● Assigned task
Omit the pictures and extract only the lines from the line containing "Volkswagen Golf VII" to the end of the material, each exactly as written.

● Supplied records
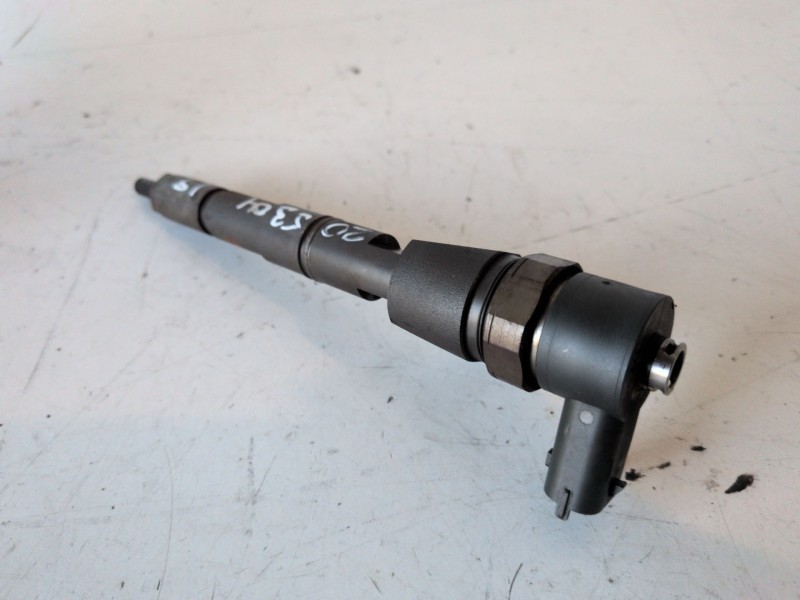Recambio de inyector para opel insignia berlina a20dth referencia OEM IAM 0445110327  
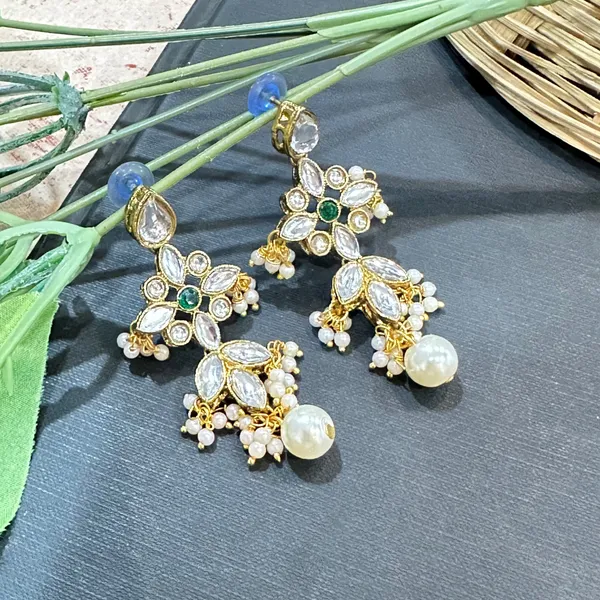 Traditional_Kundan_Alloy_Copper_Plated_Earring_For_Women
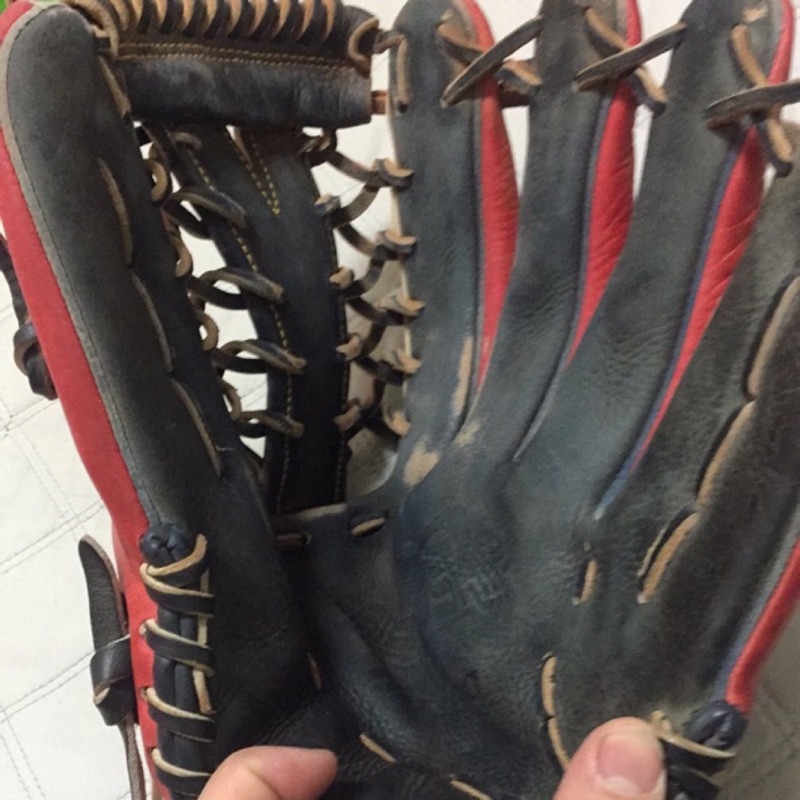 二手美津濃品牌載在左手的棒球手套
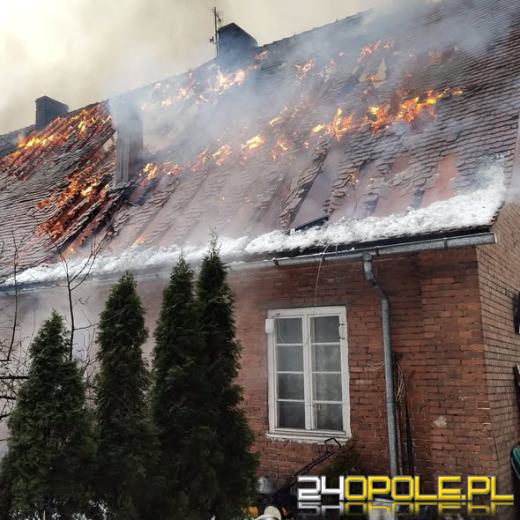 Pożar budynku mieszkalnego w Kluczborku. Cztery osoby ewakuowane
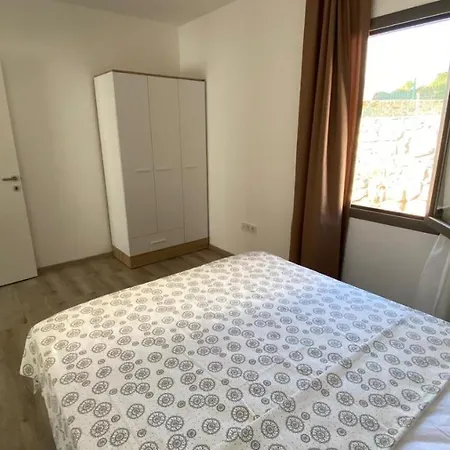 3br Comfortable House With Garden In Διαμέρισμα Αλικαρνασσός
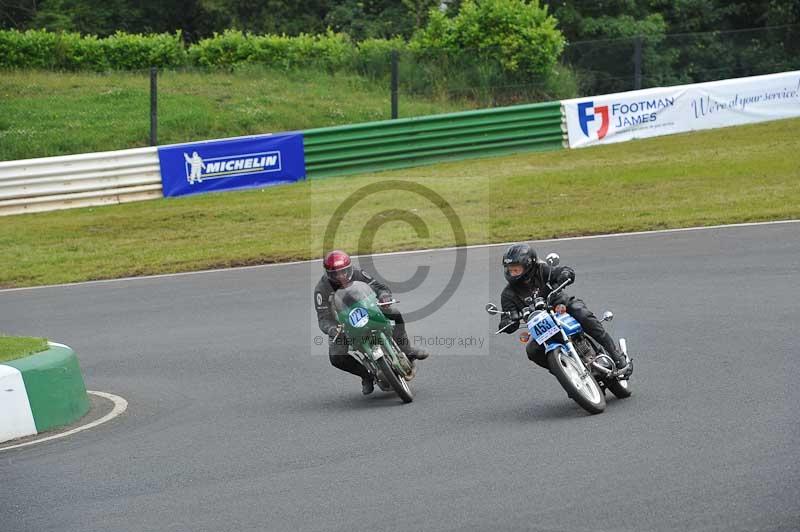 Mallory park Leicestershire;Mallory park photographs;Motorcycle action photographs;classic bikes;event digital images;eventdigitalimages;mallory park;no limits trackday;peter wileman photography;vintage bikes;vintage motorcycles;vmcc festival 1000 bikes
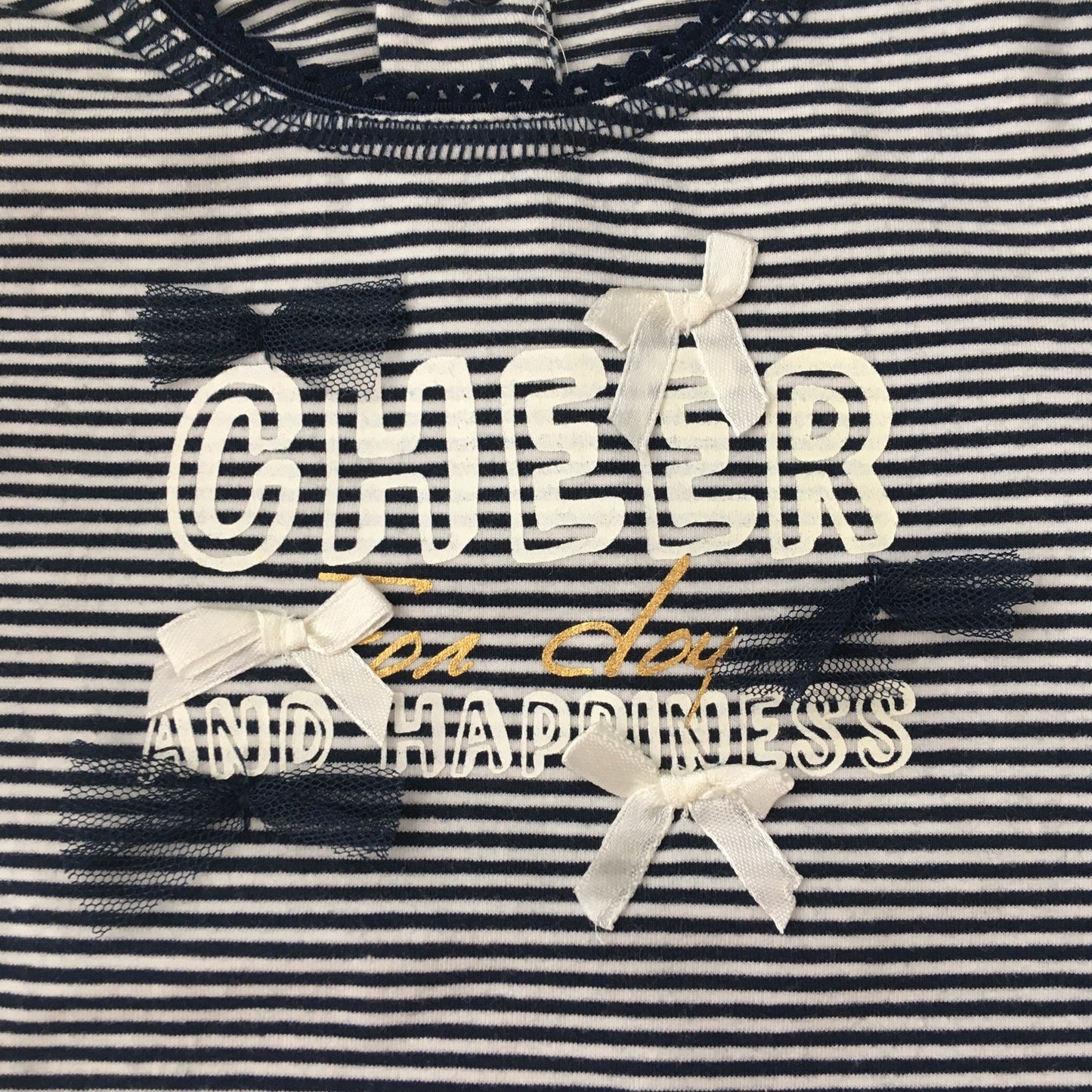 T-shirt Cheer for day and happiness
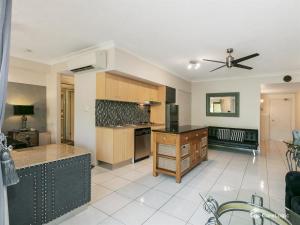 Кухня или кухненски бокс в The Lakes Resort Cairns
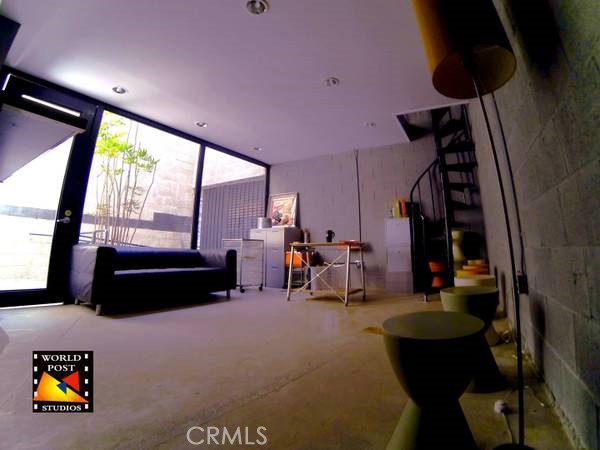 11417 Miranda Street, North Hollywood (los Angeles), California 91601, ,Commercial Lease,For Rent,11417 Miranda Street,CRSR25022604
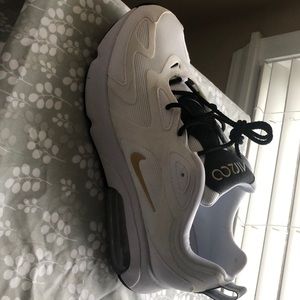Nike Air Max200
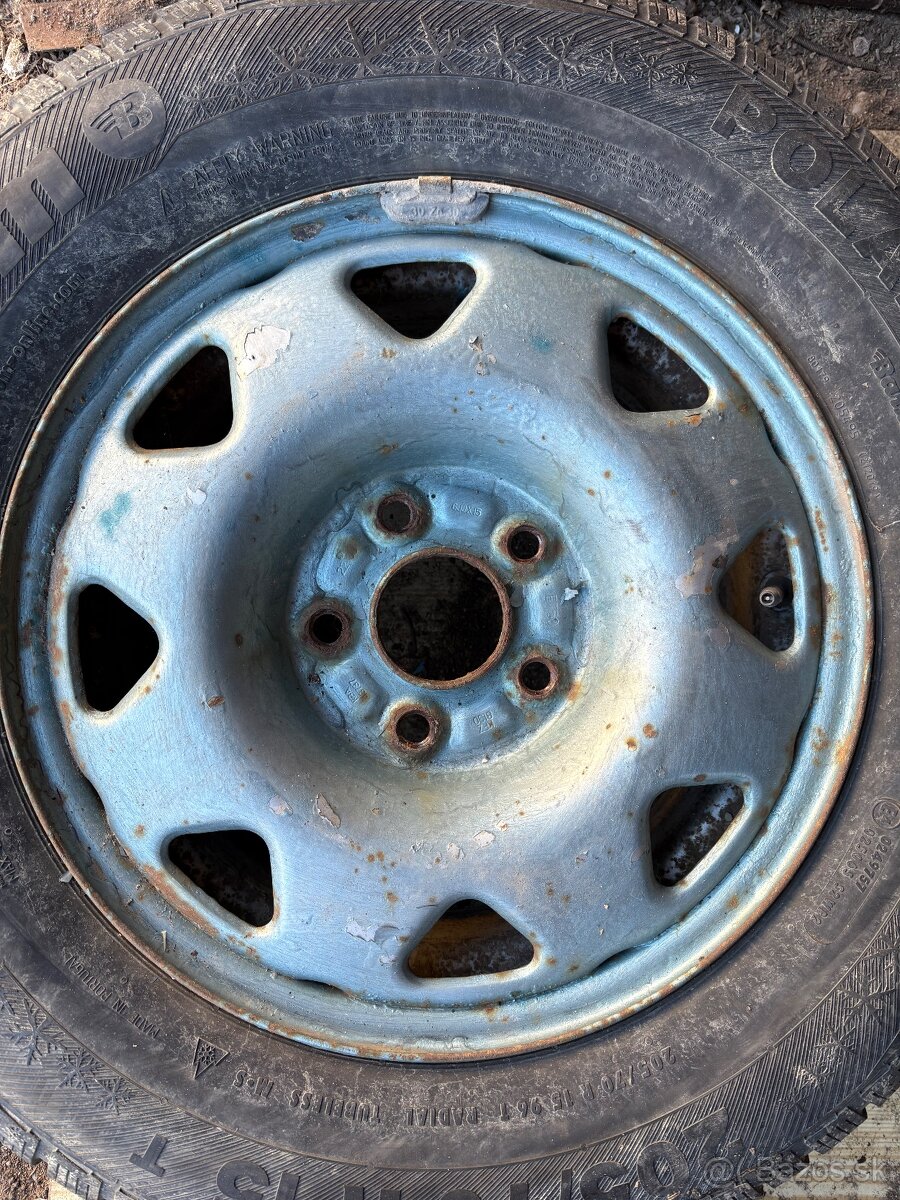 2x disky 5x114,3 r15 so zimnými gumami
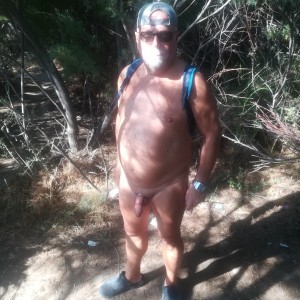 Xtudr - Etniafi: I'm a man with his flaws and virtues.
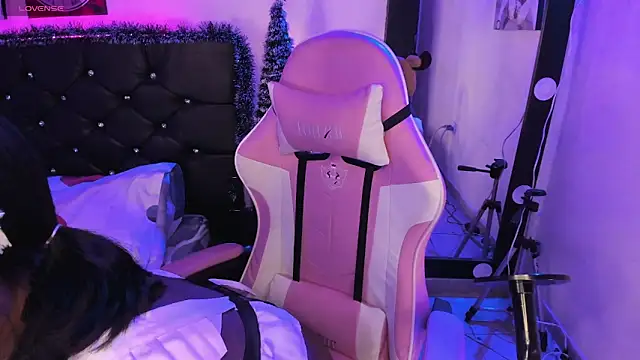 Snapshot of kary_bunny3 chatting on January 10, 2025, 6:09 am kary bunny3 online show from January 10, 2025, 6:09 am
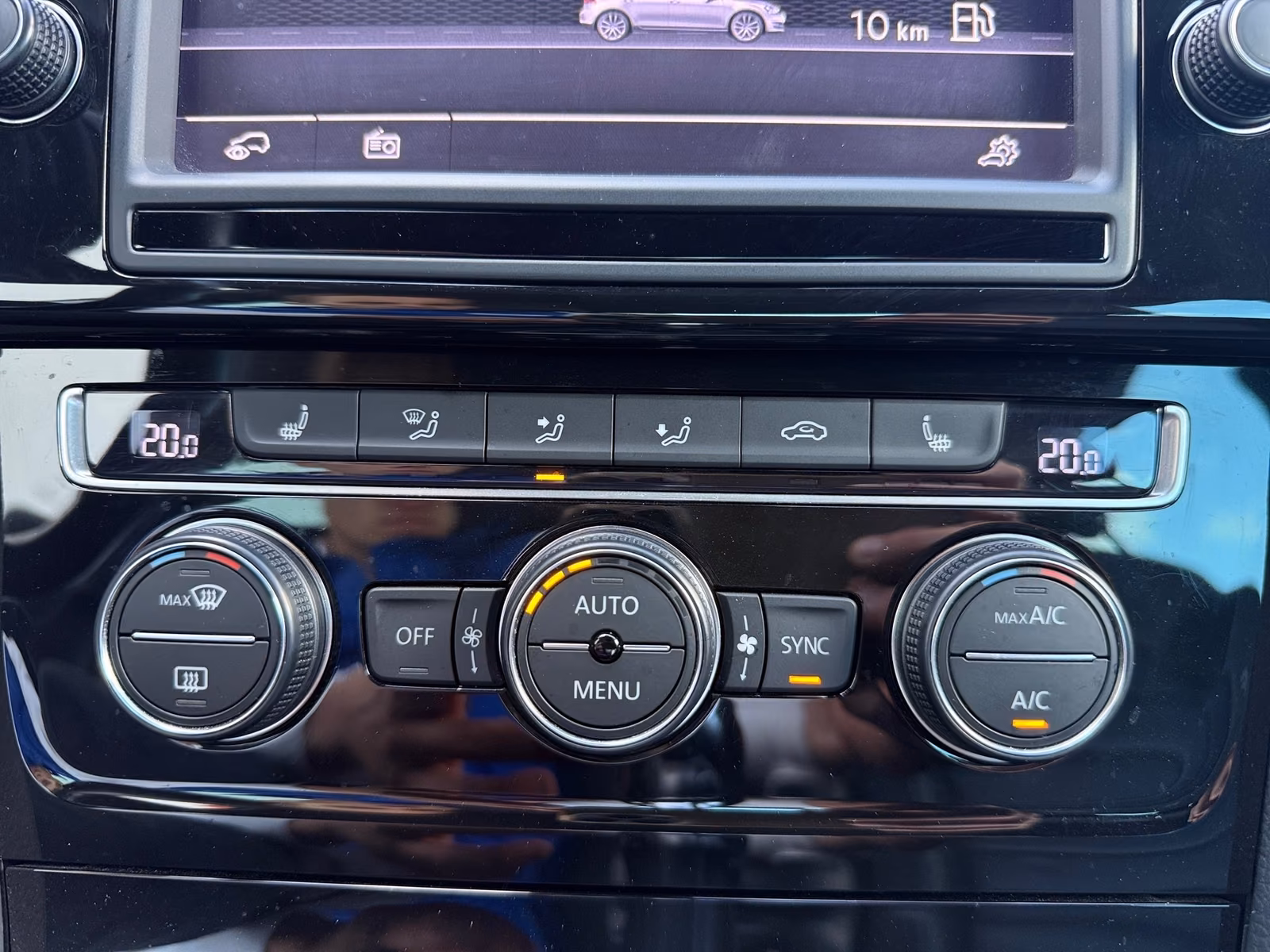 Volkswagen Golf VII 2.0 R BMT 4Motion Xenon Leder PDC Navi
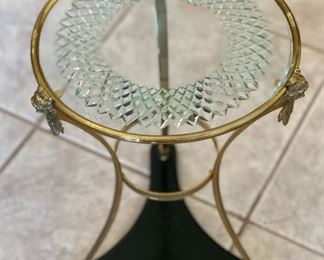 Gold Frame Glass Top Pedestal Table	19x14x14in	HxWxD
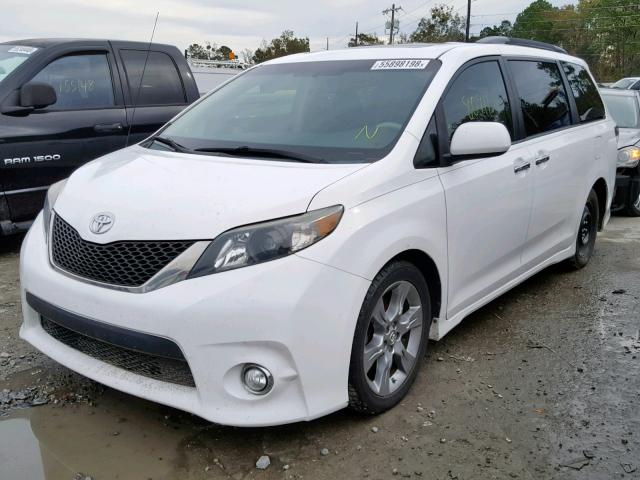 5TDXK3DC1DS300731 - 2013 TOYOTA SIENNA SPO WHITE photo 2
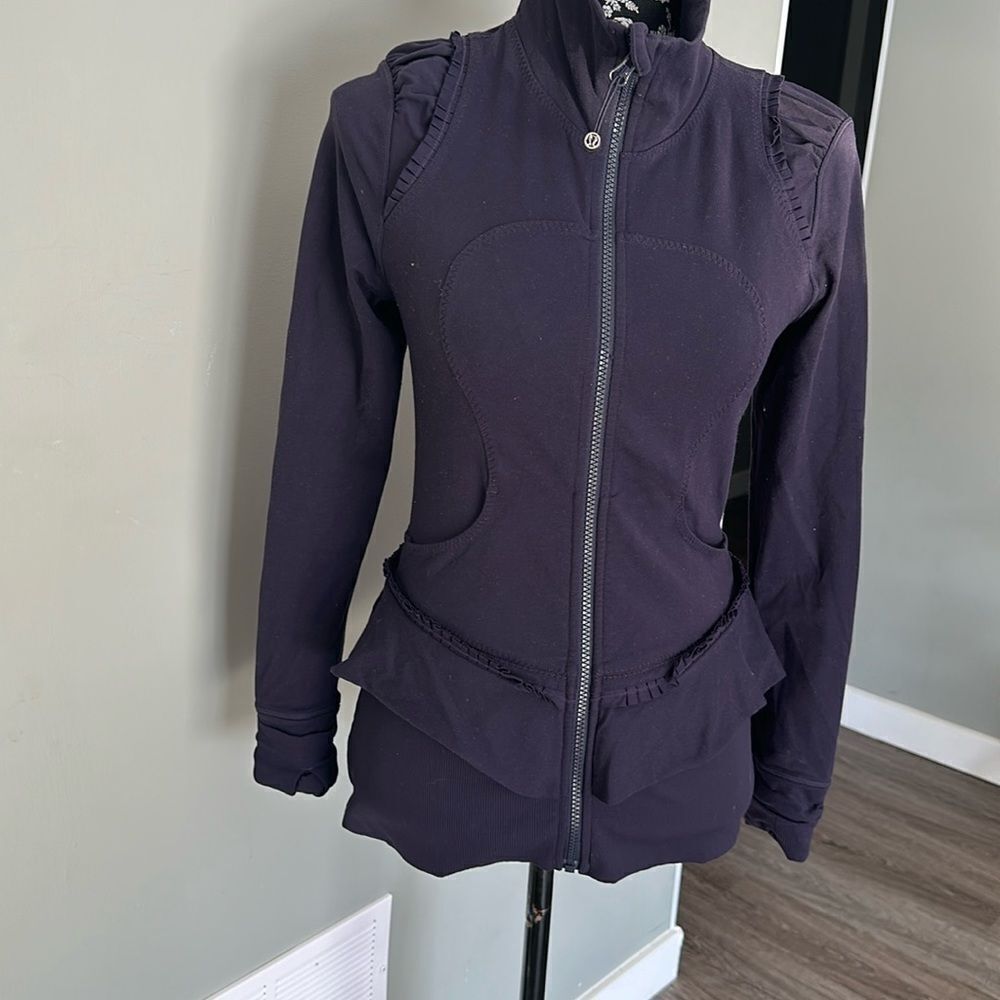 Lululemon City To Yoga Jacket
Black Swan Size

● Result of the task
 Volkswagen Golf VII 2.0 R BMT 4Motion Xenon Leder PDC Navi
 Gold Frame Glass Top Pedestal Table	19x14x14in	HxWxD
 5TDXK3DC1DS300731 - 2013 TOYOTA SIENNA SPO WHITE photo 2
 Lululemon City To Yoga Jacket
Black Swan Size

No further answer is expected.